Okay, ’nuff of that.

I guess I do need to talk about something, as it’s an issue I’ve been given a lesson in very recently, and it warrants discussion, if not in-depth scoping. And it’s the issue of BREATH.

Breath in voice acting, I should say. Especially breath in Audiobook Narration. Look, I’m not gonna play around, I listen to LOTS of people’s Audiobook Demos, and these are people who label and call themselves Pros, and I gotta tell you, I’m aware I’m better than a great lot of them. But, I do have one tremendous weakness when it comes to narration, and that’s my breathing style. (Now, don’t go searching for this on titles I’ve done, or it’s all you’ll notice!) Ahem. Anyway, I’ve often noticed that my catch-breaths, for lack of a better term, while narrating, fall into natural pockets, but they tend to be a bit RASPY,  or even plain LOUD. A producer recently emailed me about this, and he let me in on some techniques on how to avoid this. So far, it’s been really helpful. The embarrassing thing is, if I’d just applied a little bit of the vocal training I’d received as a singer, I would have figured this all out on my own. But, here’s the rub, sorta. When you’re on stage, and you have to take big breaths, whether or not their incredibly audible doesn’t so much come through, because you’re playing to a giant hall, even IF you’re wearing a body mic. It’s just not as noticeable because of sound dispersion, size of space, etc. … However, in the intimate world of recording Voiceover, again, everything is intimate and naked. And not in a sexy way. I mean it’s all laid bare. Every little glitch of the mouth. And improper, or stressed, or cramped breathing can sound like a windstorm, when in “real life”, it would be barely noticeable.

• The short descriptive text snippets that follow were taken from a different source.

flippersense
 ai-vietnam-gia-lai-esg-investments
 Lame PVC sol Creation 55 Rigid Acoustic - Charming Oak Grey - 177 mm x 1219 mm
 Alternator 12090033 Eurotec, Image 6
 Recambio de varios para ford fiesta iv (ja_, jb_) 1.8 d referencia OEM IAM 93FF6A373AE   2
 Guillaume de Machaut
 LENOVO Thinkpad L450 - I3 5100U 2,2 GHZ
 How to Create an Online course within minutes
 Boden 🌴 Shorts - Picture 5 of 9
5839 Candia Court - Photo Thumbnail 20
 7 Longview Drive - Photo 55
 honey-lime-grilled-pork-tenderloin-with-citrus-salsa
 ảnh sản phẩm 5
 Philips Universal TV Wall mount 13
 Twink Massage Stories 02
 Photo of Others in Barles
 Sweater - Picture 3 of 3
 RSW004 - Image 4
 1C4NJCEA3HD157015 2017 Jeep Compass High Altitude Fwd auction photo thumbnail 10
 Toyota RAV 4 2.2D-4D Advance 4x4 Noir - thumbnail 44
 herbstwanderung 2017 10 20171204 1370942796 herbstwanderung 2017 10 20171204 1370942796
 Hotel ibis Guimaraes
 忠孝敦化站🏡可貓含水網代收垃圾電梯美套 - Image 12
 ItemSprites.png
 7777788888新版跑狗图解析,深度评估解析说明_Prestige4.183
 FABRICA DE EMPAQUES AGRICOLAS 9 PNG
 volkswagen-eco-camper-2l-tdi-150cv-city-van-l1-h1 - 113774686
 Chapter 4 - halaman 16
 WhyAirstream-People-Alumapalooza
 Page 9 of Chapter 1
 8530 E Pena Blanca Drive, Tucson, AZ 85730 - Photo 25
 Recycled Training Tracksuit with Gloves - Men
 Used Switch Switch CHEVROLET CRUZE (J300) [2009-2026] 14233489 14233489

I’m still trying to master the technique, but it has to do with breathing with your tongue forward, so as to keep an open pharynx, which allows an effortless passage of air. For me, getting my mouth INTO this position in the nanoseconds it takes to do a catch breath while reading is the big challenge. But like I said, I’m working on it.

A good performing artist is always learning and improving!